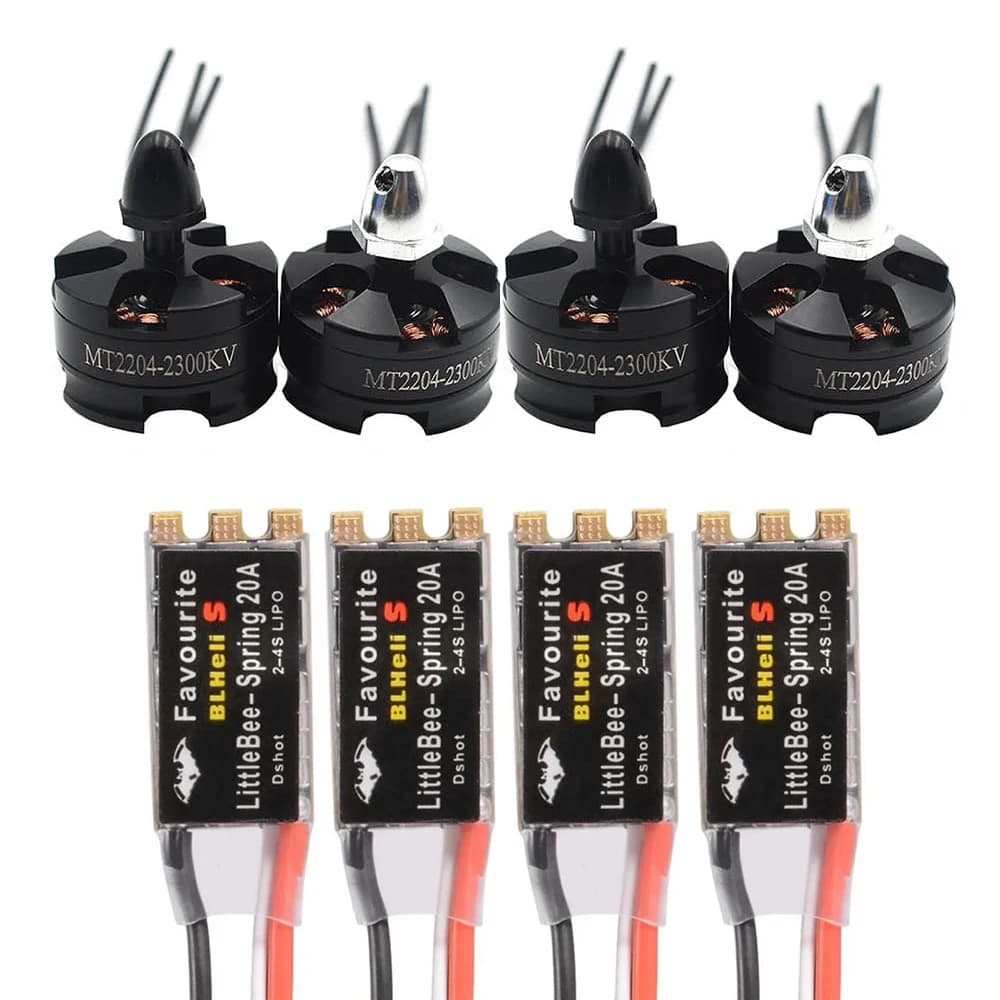 Moteur sans balais MT2204 2300KV 2204 CW/CCW et FVT Littlebee 20A BLHeli-s SPRING ESC pour FPV Racing Quad Motor FPV Multicopter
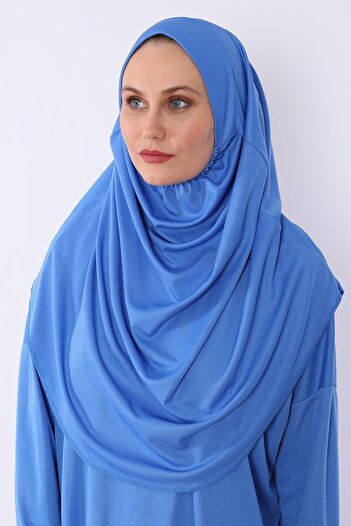 Bemol Blue One-Piece Practical Prayer Dress - with Headscarf
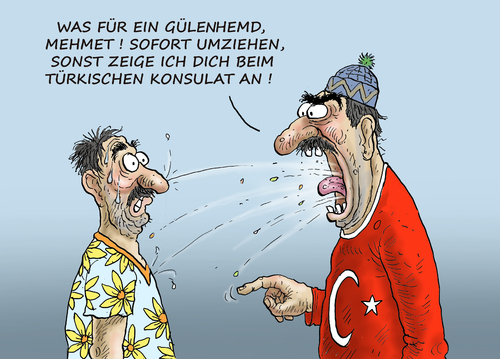 Cartoon: GÜLEN HEMD (medium) by marian kamensky tagged verfolgung,nationalismus,gülen,putscch,erdogan,erdogan,putscch,gülen,nationalismus,verfolgung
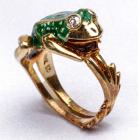 Gold, Diamond, and Enamel Frog Ring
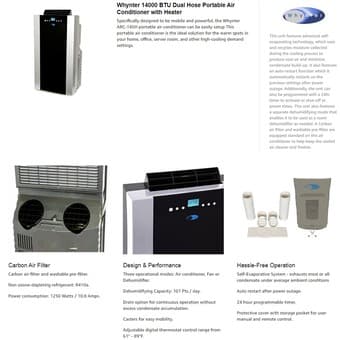 Whynter ARC-14SH Dual Hose Portable Air Conditioner with Heater - $100 3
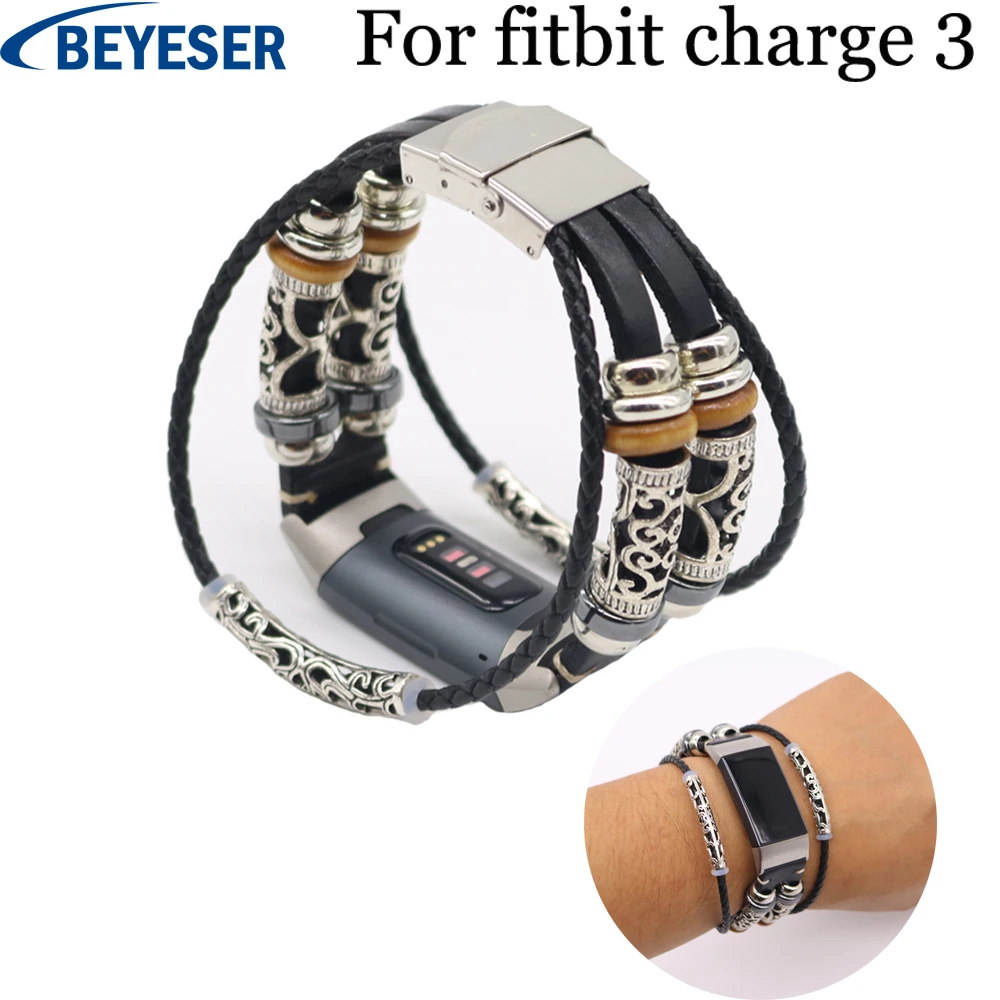 

Bracelet Strap for Fitbit Charge 3 Personality Leather Replacement Band Smart watch Accessories for Fitbit Charge3 watchstraps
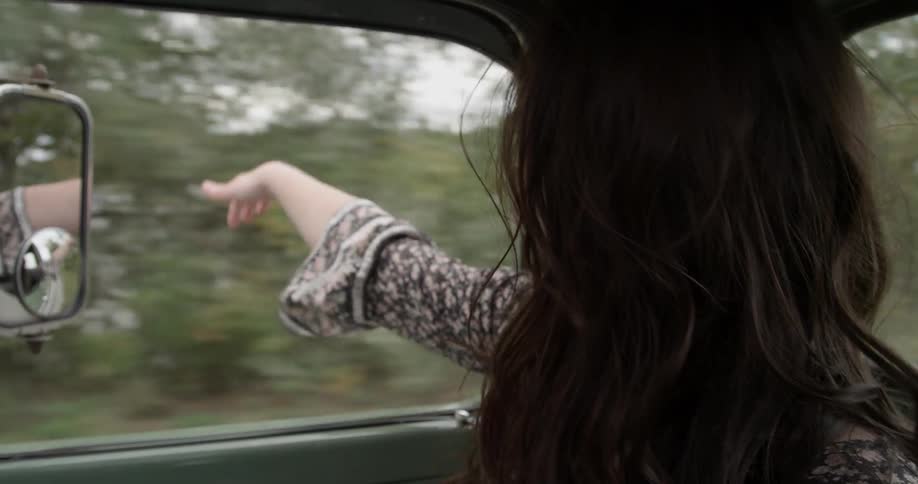 A woman smiles and holds her arm out the window of a moving car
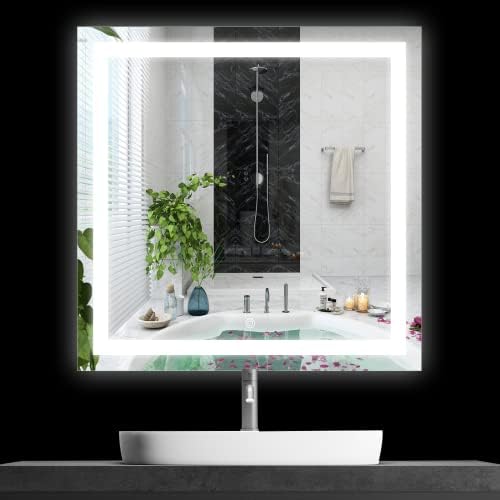 Smartrun 36x36 אינץ 'מראה מרובעת מראה אמבטיה מראה עם אורות, מראות יהירות רות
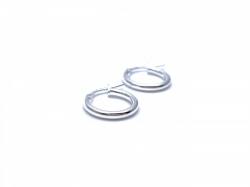 Silver Plain Hinged Hoop Earrings 10mm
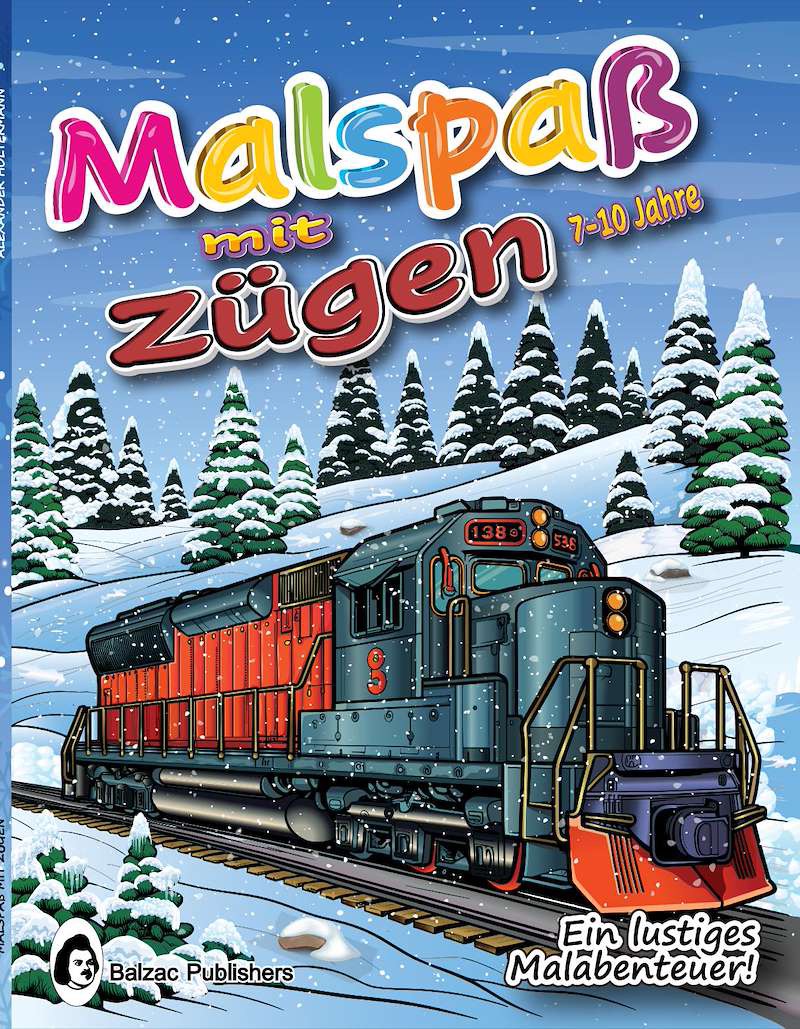 Malspaß mit Zügen für 7–10 Jahre — Buchcover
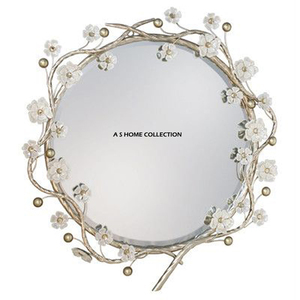 Miroir mural élégant et haut de gamme, design feuillage doré, pour la décoration de la maison, vaisselle, bureau, à bon prix - Product Image 5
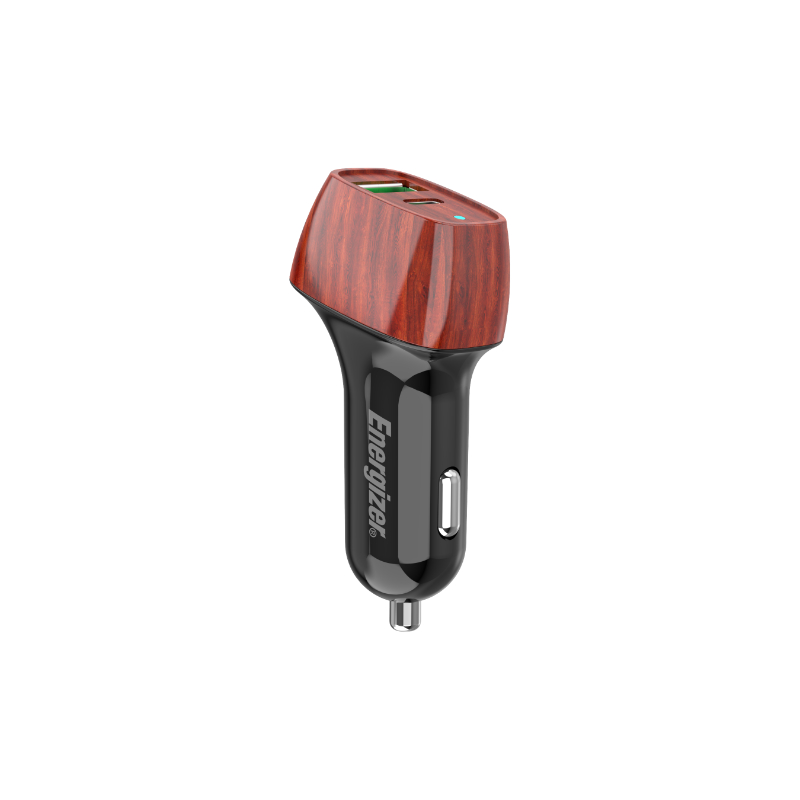 Energizer Ultimate D38WO autolaadija, USB-C + USB-A, 38 W PD + QC 3,0, pähklipuu mustriga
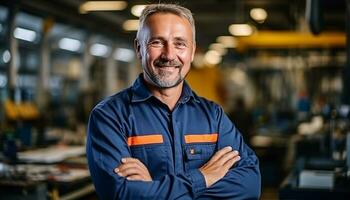 un masculino industrial ingeniero vistiendo un la seguridad casco y otro protector equipo trabajos cuidadosamente en un fabricación fábrica, asegurando el la seguridad y eficiencia de operaciones. generativo ai. foto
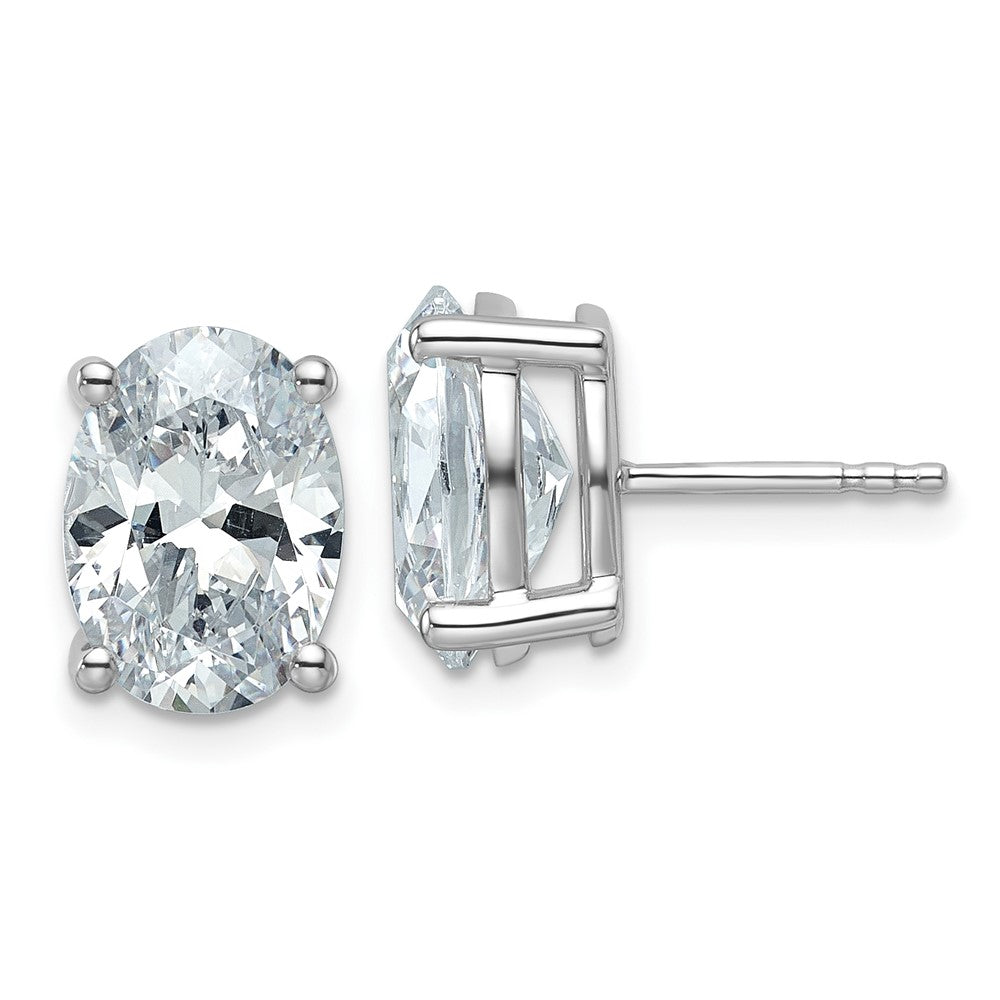 14K White Gold 5 Carat Certified Lab Grown Diamond Vs+ F+ Complete Oval Four Prong Stud Earrings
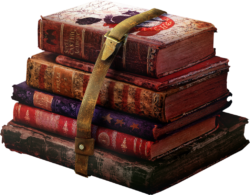 A stack of strange books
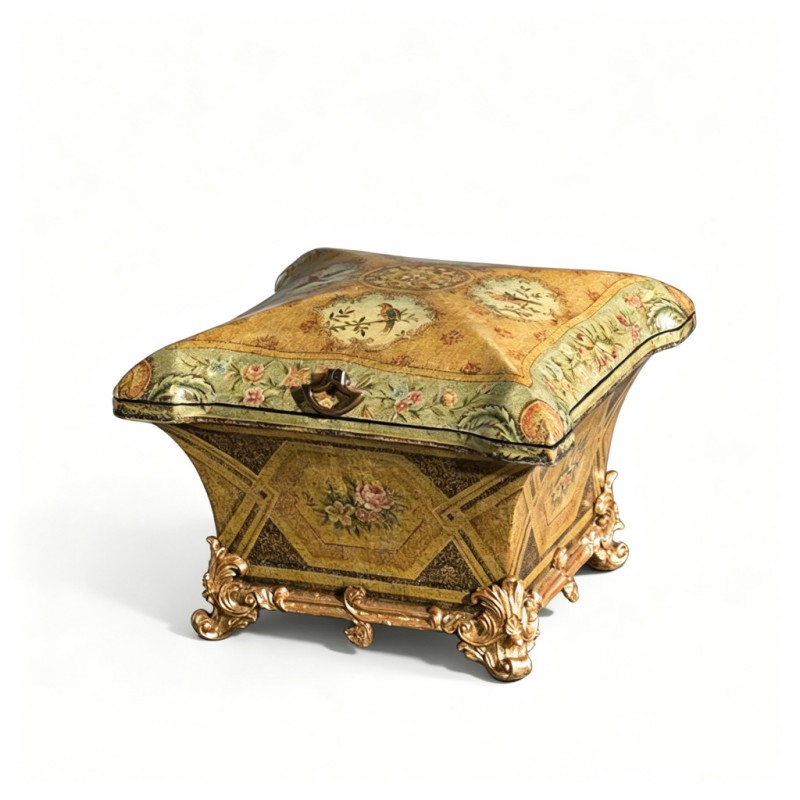Distressed Yellow-Brown Floral-Bird Jewelry Box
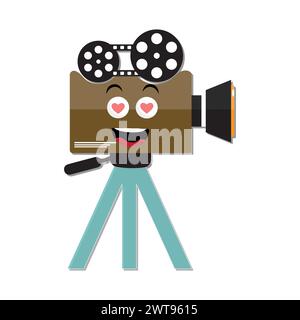 Movie camera mascots character, Retro movie film mascot cartoon style Vector hand drawn illustration, suitable for cinema and children's filmmaking Stock Vector
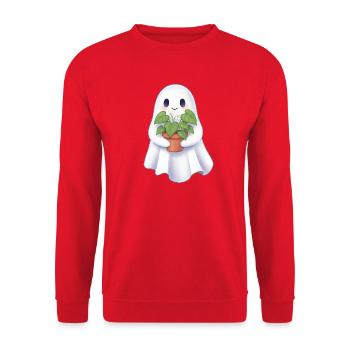 Fantôme avec plante - Sweat-shirt Unisexe - rouge - Devant - Alina (178cm) & Michal (187cm)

════════

_Your instructions_
An exact copy of the lines from the one with "un masculino industrial" through the end of the entries above, both included, is the whole answer. It contains no pictures.

_Task solution_
 un masculino industrial ingeniero vistiendo un la seguridad casco y otro protector equipo trabajos cuidadosamente en un fabricación fábrica, asegurando el la seguridad y eficiencia de operaciones. generativo ai. foto
 14K White Gold 5 Carat Certified Lab Grown Diamond Vs+ F+ Complete Oval Four Prong Stud Earrings
 A stack of strange books
Distressed Yellow-Brown Floral-Bird Jewelry Box
 Movie camera mascots character, Retro movie film mascot cartoon style Vector hand drawn illustration, suitable for cinema and children's filmmaking Stock Vector
 Fantôme avec plante - Sweat-shirt Unisexe - rouge - Devant - Alina (178cm) & Michal (187cm)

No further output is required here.